The claim was for defamation and abuse of public authority and centered on an investor alert published by the Manitoba Securities Commission. The warning was published after the conclusion of an MSC investigation in which it had met with the plaintiffs and surreptitiously recorded the meeting. The MSC destroyed the audiotape after litigation had commenced on the advice of the RCMP, who said that destruction was required by section 184.1 of the Criminal Code, a wiretap authorization provision that puts certain restrictions on the retention of wiretap evidence. The plaintiffs claimed that this provision did not apply and that the MSC was reckless in following the RCMP’s advice. They claimed the transcript of the interviews that remained was inaccurate, refused to answer questions about the authenticity of the transcript and moved for an order to strike.
In dismissing the motion, the Court adopted the Alberta Court of Appeal’s recent six-part conclusion in McDougall v. Black & Decker Canada Inc. In fact, it treated the conclusion like a code, taking pains to modify the sixth part of the Alberta Court of Appeal conclusion to ensure slightly greater leeway to award pre-trial relief for spoliation. It replaced the following Alberta rule…
Pre-trial relief may be available in the exceptional case where a party is particularly disadvantaged by the destruction of evidence. But generally this is accomplished through the applicable rules of court, or the court’s general discretion with respect to costs and the control of abuse of process.

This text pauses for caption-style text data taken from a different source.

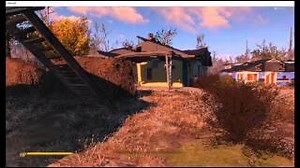 Mod Mondays - Fallout 4 - Generator - Fusebox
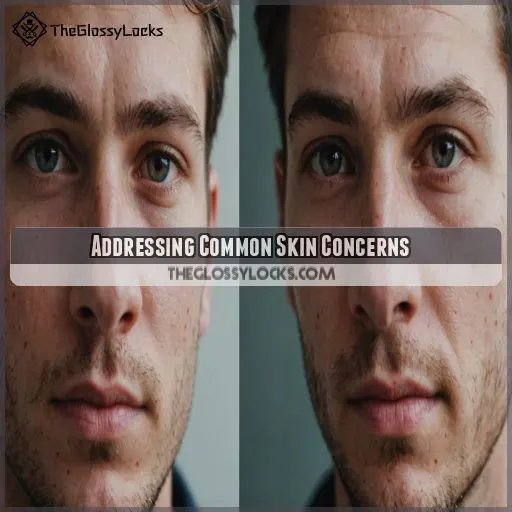 Addressing Common Skin Concerns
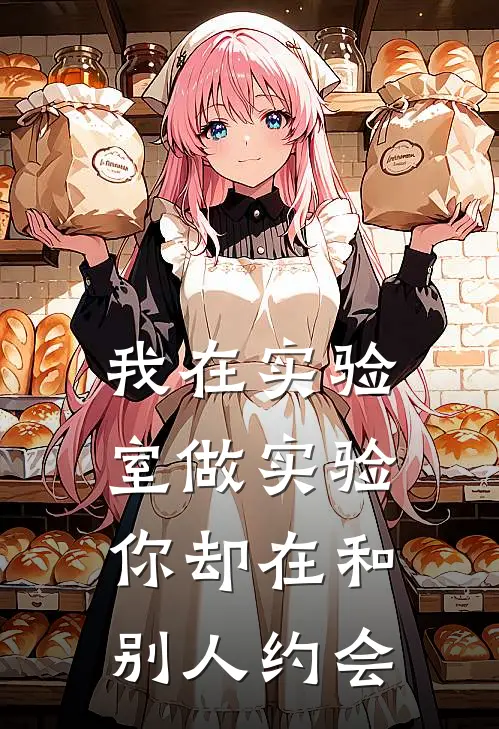 我在实验室做实验，你却在和别人约会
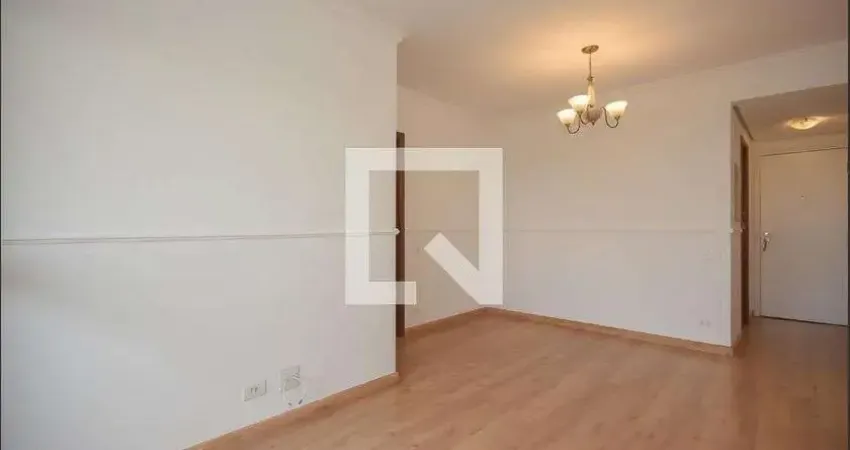 Apartamento com 3 quartos à venda na Rua José de Jesus, 66, Morumbi, São Paulo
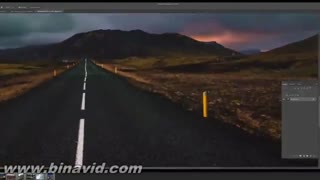 آموزش ویرایش عکس با نرم افزار فتوشاپ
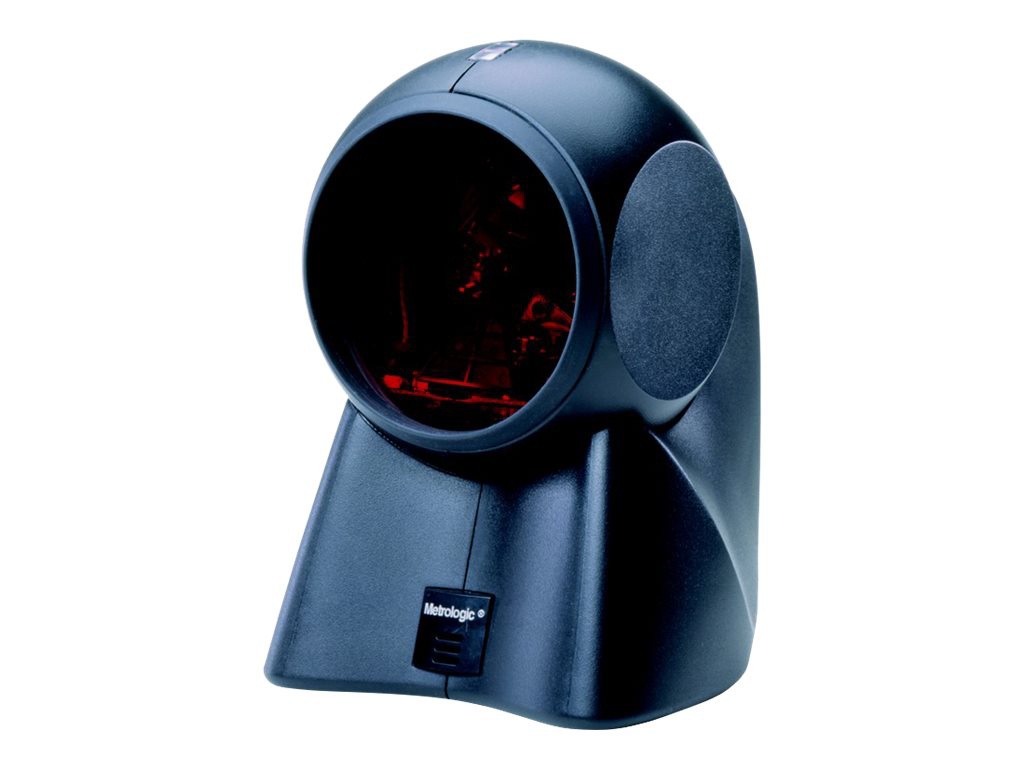 Honeywell Orbit 7120 Omnidirectional Laser Scanner - RS-232 Verifone Kit - barcode scanner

…with this rule, which it said should apply in Manitoba:
Pre-trial relief may be available where a party claims on reasonable grounds that he may be disadvantaged by the destruction of evidence. But generally this is accomplished through the applicable rules of court, or the court’s general discretion with respect to costs and the control of abuse of process.
The Court held that the plaintiffs had not proven any prejudice on the motion, but it stated that a “qualitative assessment” of the MCP’s actions and the impact on the plaintiffs’ case could be heard by the trial judge. And despite its preference for slightly more flexibility than in Alberta, the Court nonetheless stressed that pre-trial relief for spoliation claims should be rare: “Our legal system is structured to require issues of admissibility of evidence to be determined at trial and not by a pre-trial judge.”
In the end the Court did issue an order barring the defendants from using the transcript in discoveries. Though the plaintiffs had not yet proven prejudice, it held this restriction was fair given the MCP’s continued reliance on the Criminal Code provision, which on the MCP’s reading, ought to also have required it to destroy the transcript.